Vision Language Action Models for Robotics

The core of computer vision for robotics is utilizing deep learning to allow robots to perceive, understand, and interact with the physical world. This report explores Vision Language Action (VLA) models that combine visual input, language instruction, and robot actions in end-to-end architectures.

Introduction
Background on VLAs
RT-2 (Google Deepmind)
OpenVLA (Stanford, UC Berkeley, Toyota Research Institute)
Octo (UC Berkeley)
Discussion
Limitations
References

Introduction

The core of computer vision for robotics is utilizing deep learning to allow robots to perceive, understand, and interact with the physical world. However, training models to understand the physical world has proven to be extremely difficult, with issues stemming from the lack of training embodied data (robot centric videos, human interactions in tasks). Models also struggle with relating semantic information to the physical world to conduct actions and generalizing or extending to new environments. Vision language action models recently emerged at the forefront of end-to-end models handling visual input, language instruction, and outputting robot actions.

Background on VLAs

Various models typically utilized at most two of these three components: vision, language and action. For example R3M which is a universal visual representation utilizing video and language during training, but only serves as a backbone and relies on training a separate downstream policy for robot action. Another example is Track2Act, which utilizes Vision and Action, with 2D track predictions for trajectories of objects without language/explicit goal set.

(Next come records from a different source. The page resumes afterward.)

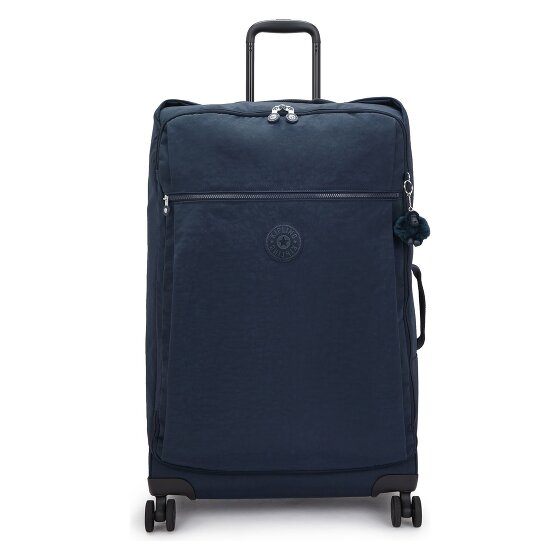 Kipling Basic Darcey Up L 4 ruote Carrello L 75 cm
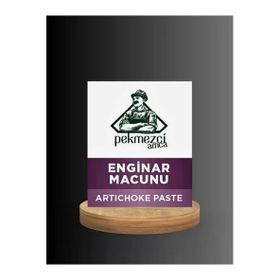 Pekmezci Amca 240 gr Enginar Macunu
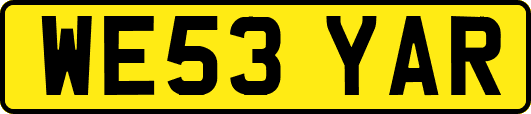 WE53YAR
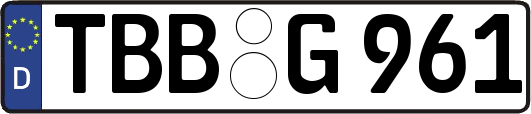 TBB-G961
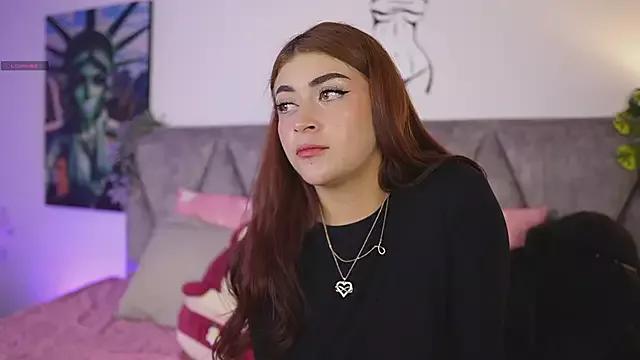 babesamanta from StripChat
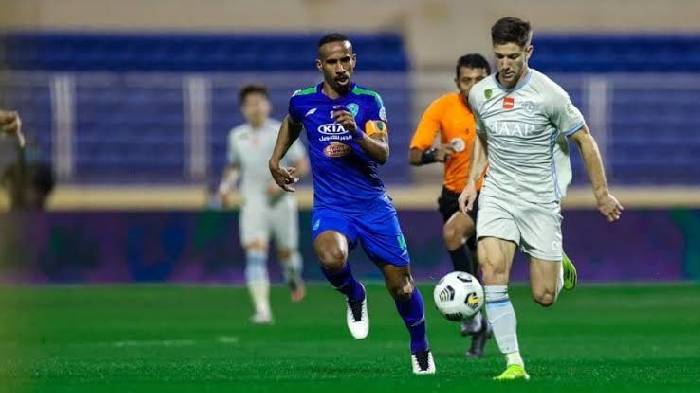 Nhận định, soi k&egrave;o Al Taawon FC với Al-Akhdoud, 21h00 ng&agrave;y 23/02: &Aacute;p lực s&acirc;n kh&aacute;ch
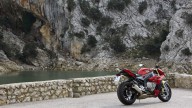 Moto - News: Intervista: Andrea Buzzoni e la BMW S 1000 R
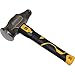 Price comparison product image Roughneck ROU65703 Club Hammer, Multi-Colour, 1.4 kg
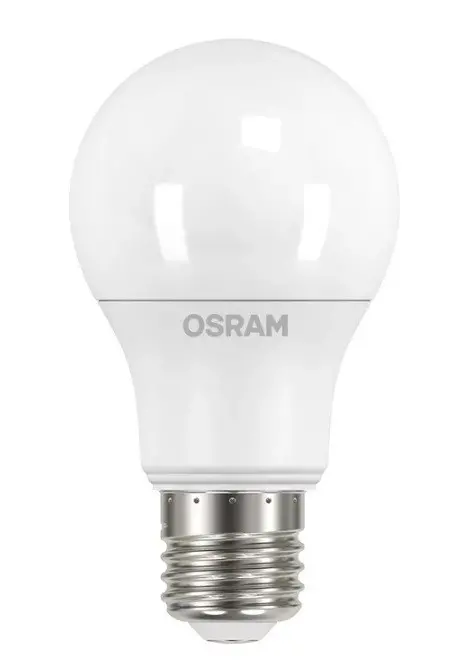 LED ЛАМПА LCLA60 ANTI MOSQUITO 8W/827 220V E27 LEDVANCE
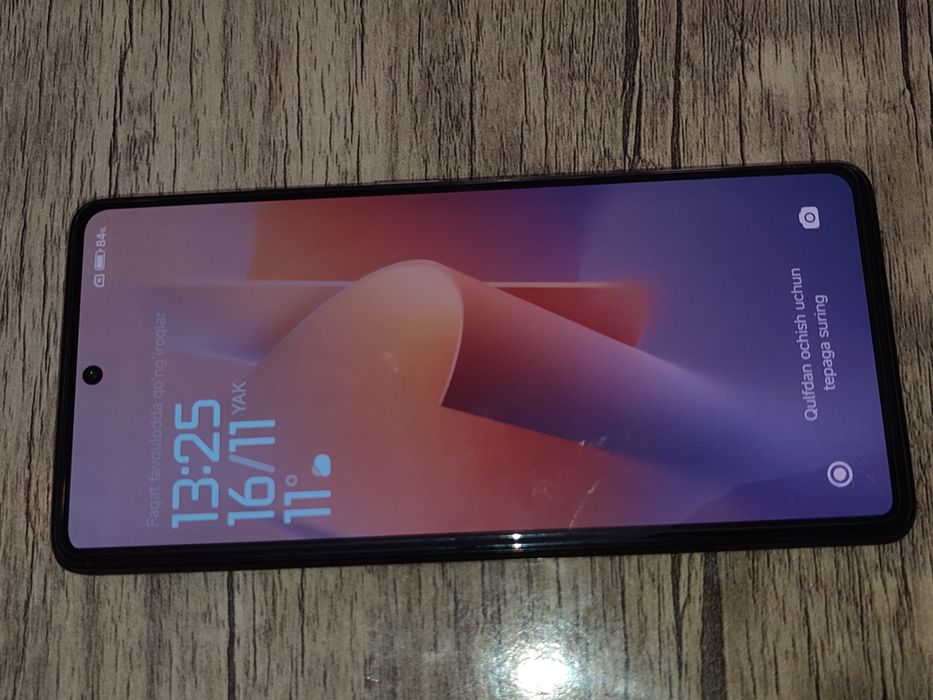 Xiaomi mi 11T 5G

Vision Language Action models utilize all 3 in a multimodal pipeline, to concurrently process image/video + language (captions) to output a robot action. Drawing inspiration from transformers, VLA models use a fine tuned vision language model to output actions instead of text answers. In this report, we discuss and compare RT-2 (55B param), OpenVLA (7B param) which use vision language backbones, with Octo, a compact (93M param) generalist robot policy that omits a vision language backbone.

RT-2 (Google Deepmind)

Overview

RT-2 was the first model to indicate success with using pretrained vision language models to directly output robot actions. RT-2 utilized PaLI-X (larger model, overall better performance) and PaLM-E (smaller, performed better on math reasoning) for its backbone. Building on its predecessor, RT-1, which directly trained on robot data, RT-2 draws inspiration from RT-1 on the concept of discretization of action as tokens, demonstrating that robot action can be represented similarly to how VLMs tokenize and process natural language for generation.

RT-2 Architecture

Fig 1. RT-2 Architecture: Vision Language Model adapted for robot action generation.

Architecture

Component	RT-2-PaLI-X-55B	RT-2-PaLM-E-12B
Vision Encoder	ViT-22B	ViT-4B
Language Model	UL2 (32B encoder-decoder)	PaLM (decoder-only)
Total Parameters	55B	12B

Vision Encoder:

Processes robot camera images into patch embeddings (e.g., 16×16 pixel patches) Can accept sequences of n images, producing n × k tokens per image, k is number of patches per image which are passed into a projection layer Pretrained on web-scale image data

Language Model Backbone:

For PaLI-X, the projected image tokens and text tokens are jointly fed into encoder, and the decoder autoregressively generates output For PaLM-E, projected image tokens are concatenated directly with the text tokens, decoder processes the combined stream Pretrained on web-scale vision-language tasks

Tokenization Method and Action Output

Drawing inspiration from discrete representations for action encodings in RT-1, RT-2 represents the range of motion, into 256 distinct steps, otherwise known as bins. The action space consists of 8 dimensions (6 positional, rotational displacement, extension of gripper, command for termination) are discretized into 256 bins uniformly excluding the termination command. These 256 action bins are mapped to existing tokens in the VLM’s token vocabulary. For example “128” could represent a quantity of speed, so when processing an instruction like “put the apple down” the VLM would output a string of 8 discrete tokens per timestep (e.g.”1 128 91 241 5 101 127 217”). This allows the model to be trained using the standard categorical cross-entropy loss used for text generation, without adding new “action heads” or changing the model architecture.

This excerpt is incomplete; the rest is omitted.